Her answer computes to the same, but she does it by 4(10c7). I see that these are basically the same but my problem is how should one see that the choice function applies here? I interpret the choice function to mean the number of possible subsets of a set of ten objects, each subset having seven objects. How does that describe the original question? And what if you didn't have just true/false? Suppose the question were about picking balls out of an urn where three are red, three white, and three blue (makes you want to sing the national anthem, right?). Then the number of distinguishable permutations is 9!/3!3!3!. How can you get that from use of the choice function?
• Mar 3rd 2011, 10:21 AM
Plato
Quote:

Originally Posted by ragnar
I'm looking at someone's solution to a probability problem, which is: On a true/false test of ten questions what is the probability of getting exactly 7 right?
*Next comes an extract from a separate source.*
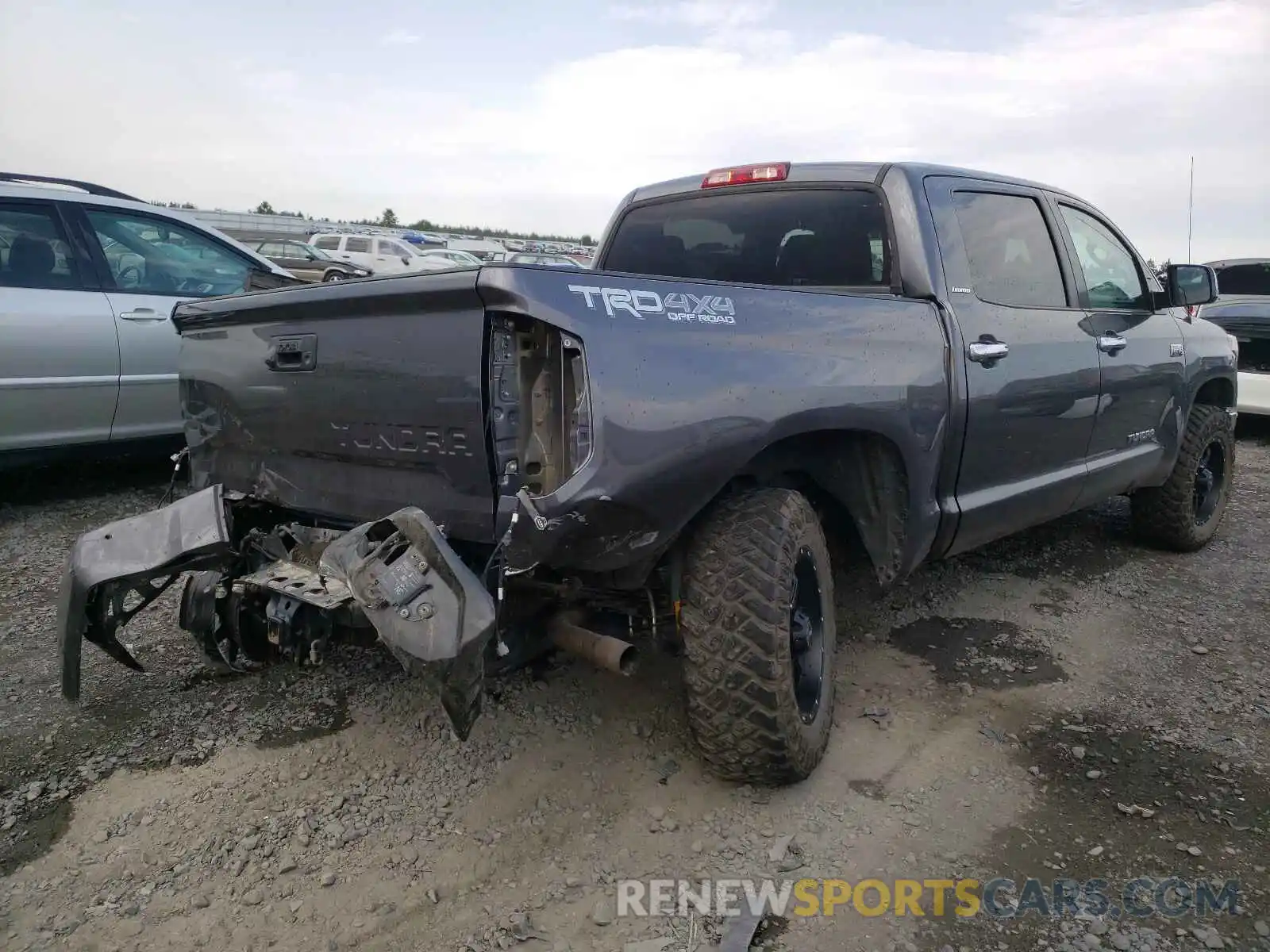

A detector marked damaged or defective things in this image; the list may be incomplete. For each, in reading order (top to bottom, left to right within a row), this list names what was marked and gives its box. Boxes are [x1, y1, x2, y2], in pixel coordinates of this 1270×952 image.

destroyed rear bumper [58, 482, 495, 736]
severe rear damage [60, 489, 498, 739]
My answer makes sense to me. We want the distinguishable permutations of TTTTTTTFFF over 2^10. The distinguishable permutations are 10!/7!3!.

Quote:

Originally Posted by ragnar
Her answer computes to the same, but she does it by 4(10c7).

Unless you have mis-quoted her answer, there is no way that can be correct.

Quote:

Originally Posted by ragnar
Suppose the question were about picking balls out of an urn where three are red, three white, and three blue (makes you want to sing the national anthem, right?). Then the number of distinguishable permutations is 9!/3!3!3!. How can you get that from use of the choice function?

The first answer is correct. This problem does not rely on a choice function.
• Mar 3rd 2011, 10:23 AM
ragnar
Er, that 4 is in there by accident. But 10c7 = 10!/3!7! which is the same as my result.